WHAT IS NEEDED: The output should contain the listing word for word and no pictures.

DATASET SECTION:
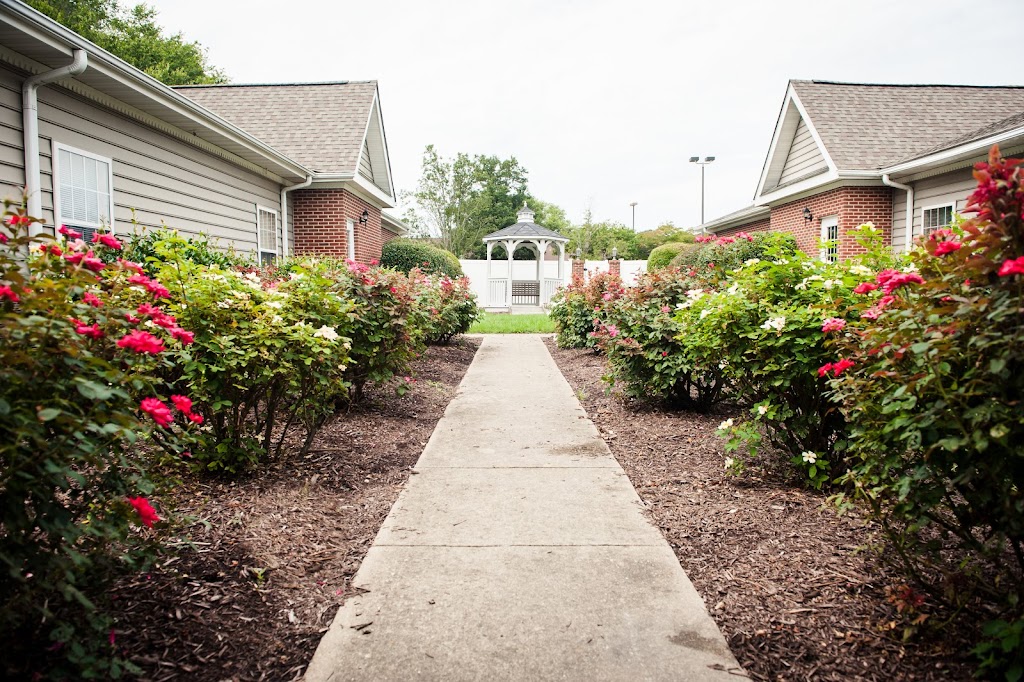 Commonwealth Senior Living at Hampton | 1030 Topping Ln, Hampton, VA 23666 | Phone: (757) 826-3728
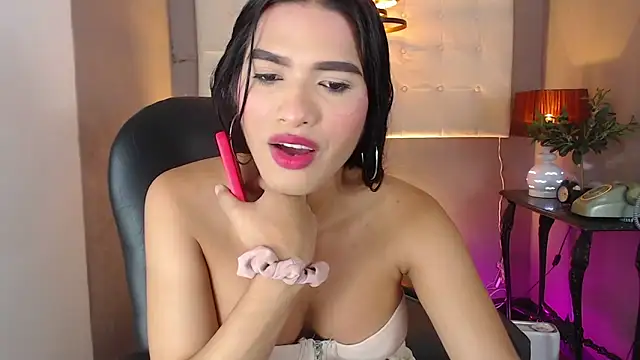 Snapshot of Greys_ath chatting on 11.03.25 Greys ath online show from 11.03.25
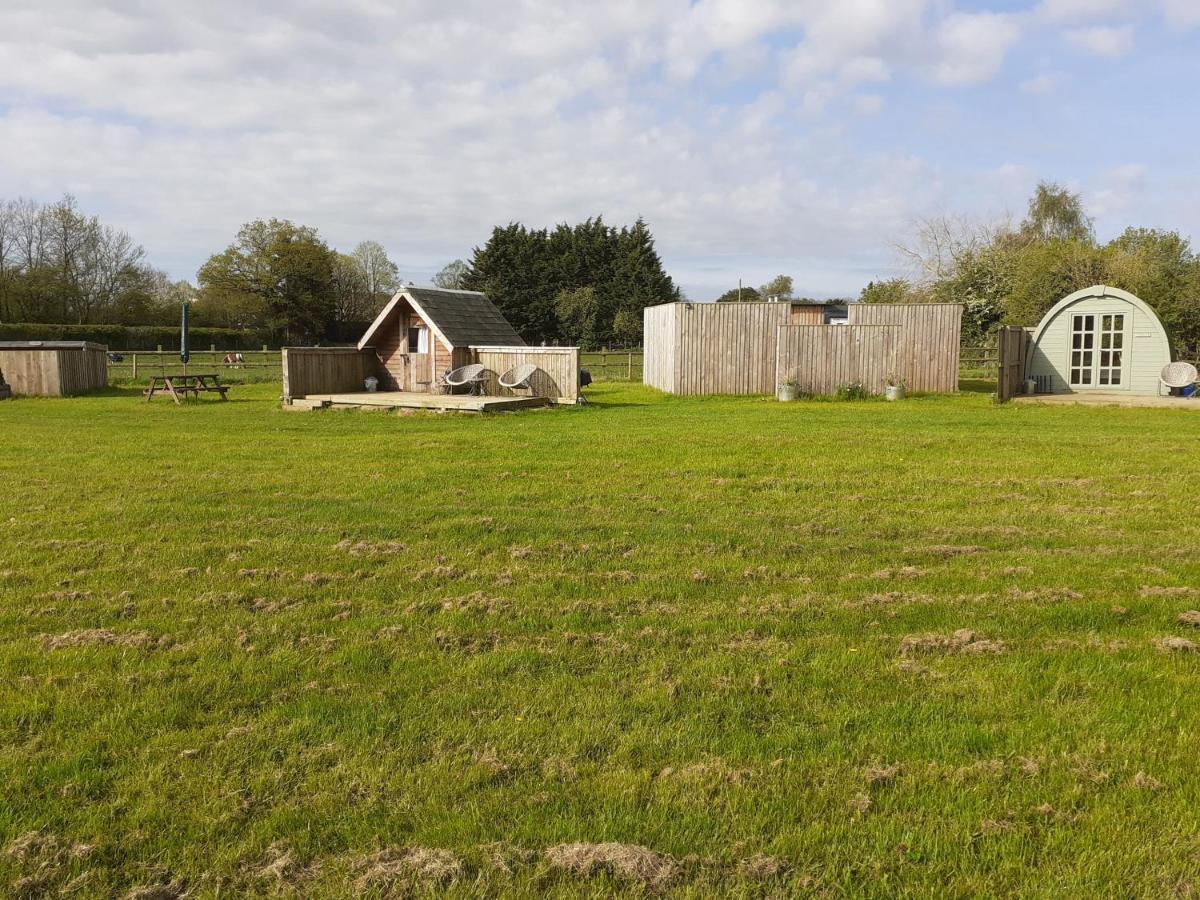 チッペナム Glamping At The Retreat Wiltshire Is Rural Blissヴィラ エクステリア 写真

ANSWER FOR THIS EXERCISE:
 Commonwealth Senior Living at Hampton | 1030 Topping Ln, Hampton, VA 23666 | Phone: (757) 826-3728
 Snapshot of Greys_ath chatting on 11.03.25 Greys ath online show from 11.03.25
 チッペナム Glamping At The Retreat Wiltshire Is Rural Blissヴィラ エクステリア 写真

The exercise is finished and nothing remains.